Aligned and unaligned memory access with AVX/AVX2 intrinsics

Question

According to Intel's Software Developer Manual (sec. 14.9), AVX relaxed the alignment requirements of memory accesses. If data is loaded directly in a processing instruction, e.g.

vaddps ymm0,ymm0,YMMWORD PTR [rax]

the load address doesn't have to be aligned. However, if a dedicated aligned load instruction is used, such as

vmovaps ymm0,YMMWORD PTR [rax]

the load address has to be aligned (to multiples of 32), otherwise an exception is raised.

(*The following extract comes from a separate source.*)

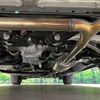 honda honda-others 2024 -HONDA--ZR-V 6AA-RZ6--RZ6-1101140---HONDA--ZR-V 6AA-RZ6--RZ6-1101140- image 20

What confuses me is the automatic code generation from intrinsics, in my case by gcc/g++ (4.6.3, Linux). Please have a look at the following test code:

#include <x86intrin.h>
#include <stdio.h>
#include <stdlib.h>
#include <assert.h>

#define SIZE (1L << 26)
#define OFFSET 1

int main() {
  float *data;
  assert(!posix_memalign((void**)&data, 32, SIZE*sizeof(float)));
  for (unsigned i = 0; i < SIZE; i++) data[i] = drand48();
  float res[8]  __attribute__ ((aligned(32)));
  __m256 sum = _mm256_setzero_ps(), elem;
  for (float *d = data + OFFSET; d < data + SIZE - 8; d += 8) {
    elem = _mm256_load_ps(d);
    // sum = _mm256_add_ps(elem, elem);
    sum = _mm256_add_ps(sum, elem);
  }
  _mm256_store_ps(res, sum);
  for (int i = 0; i < 8; i++) printf("%g ", res[i]); printf("\n");
  return 0;
}

(Yes, I know the code is faulty, since I use an aligned load on unaligned addresses, but bear with me...)

I compile the code with

g++ -Wall -O3 -march=native -o memtest memtest.C

on a CPU with AVX. If I check the code generated by g++ by using

objdump -S -M intel-mnemonic memtest | more

I see that the compiler does not generate an aligned load instruction, but loads the data directly in the vector addition instruction:

vaddps ymm0,ymm0,YMMWORD PTR [rax]

The code executes without any problem, even though the memory addresses are not aligned (OFFSET is 1). This is clear since vaddps tolerates unaligned addresses.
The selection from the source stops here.